Session 7: Health Care OM – Chair: Erwin Hans
René Bekker (Vrije Universiteit Amsterdam) – Access times in appointment-driven systems and level-dependent queues
Motivated by health care applications, we study access times in appointment-driven systems. The access time is the number of days between a request for an appointment and the day that the appointment can take place. To meet target access times, we allow for overbookings, as they often occur in practice. We argue that such a system can naturally be modeled as an MAP/G/1 queue; the level corresponds to the access time and the phase to the dynamics of the number of free slots at the first available day. To allow for overbookings, we analyze a level-dependent version of the MAP/G/1 queue, leading to intuitively appealing results. The model sheds light on appropriate occupancy targets for e.g. outpatient departments.

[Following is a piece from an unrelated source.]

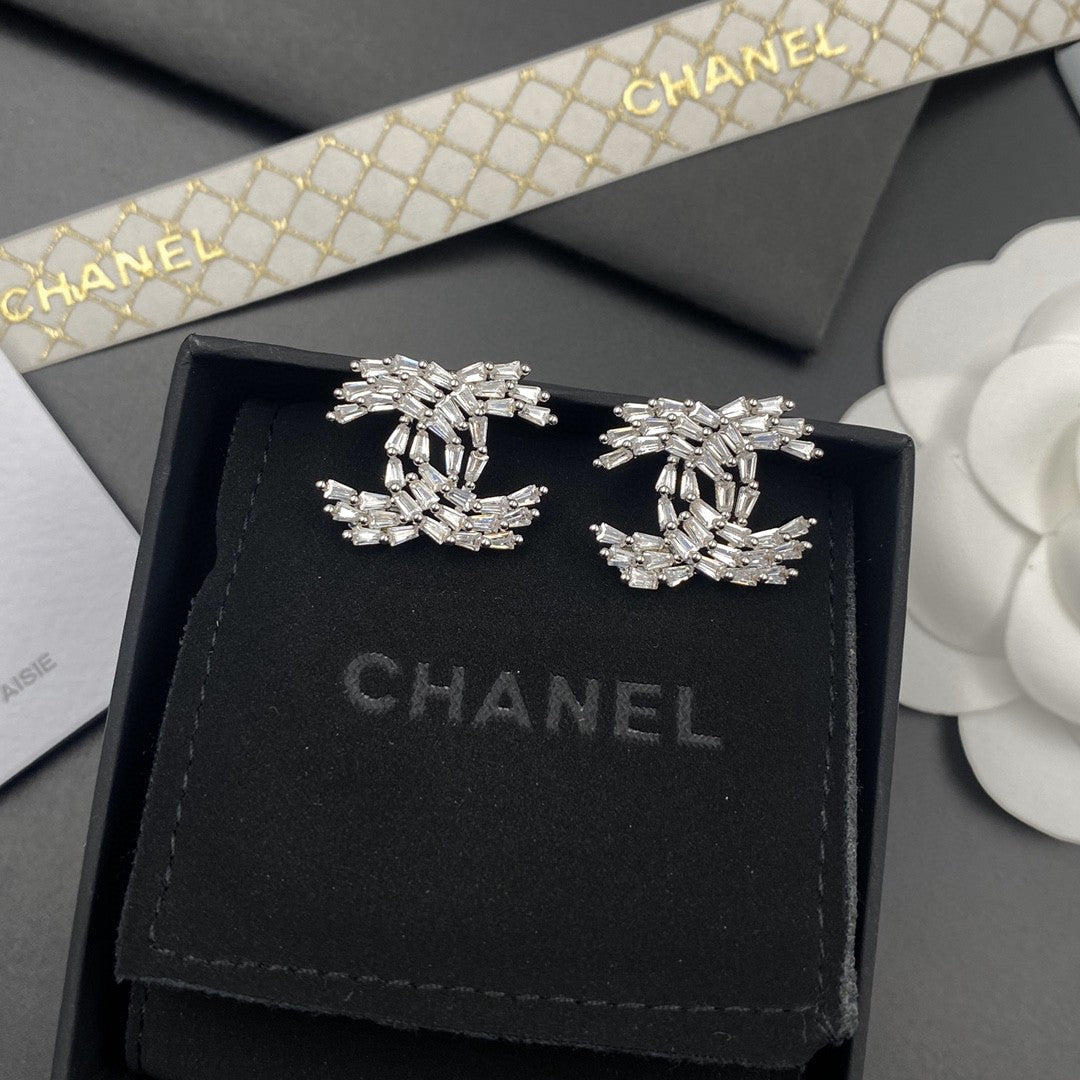 Martin Graham stud earrings in polished metal-tone – main product view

Gréanne Leeftink (University of Twente) – Scheduling multi-disciplinary cancer clinics
Many hospitals start multidisciplinary clinics to assure timely care for their cancer patients. Scheduling appointments in a multi-disciplinary clinic is complex, since coordination between disciplines is required. The design of a blueprint schedule for a multi-disciplinary clinic with open access requirements requires an integrated optimization approach, in which all appointment schedules are jointly optimized. This research is motivated by a Dutch hospital, which uses a multi-disciplinary cancer clinic to communicate the diagnosis and to explain the treatment plan to their patients. Furthermore, also regular patients are seen by the clinicians. All involved clinicians therefore require a blueprint schedule, in which multiple patient types can be scheduled. We design these blueprint schedules by optimizing the patient waiting time, clinician idle time, and clinician overtime. As scheduling decisions at multiple time intervals are involved, and patient routing is stochastic, we model this system as a stochastic integer program. The stochastic integer program is solved with a sample average approximation approach. Numerical experiments evaluate the performance of the sample average approximation approach. We test the suitability of the approach for the hospital’s problem at hand, compare our results with the current hospital schedules, and present the associated savings. Using this approach, robust blueprint schedules can be found for a multi-disciplinary clinic of the Dutch hospital.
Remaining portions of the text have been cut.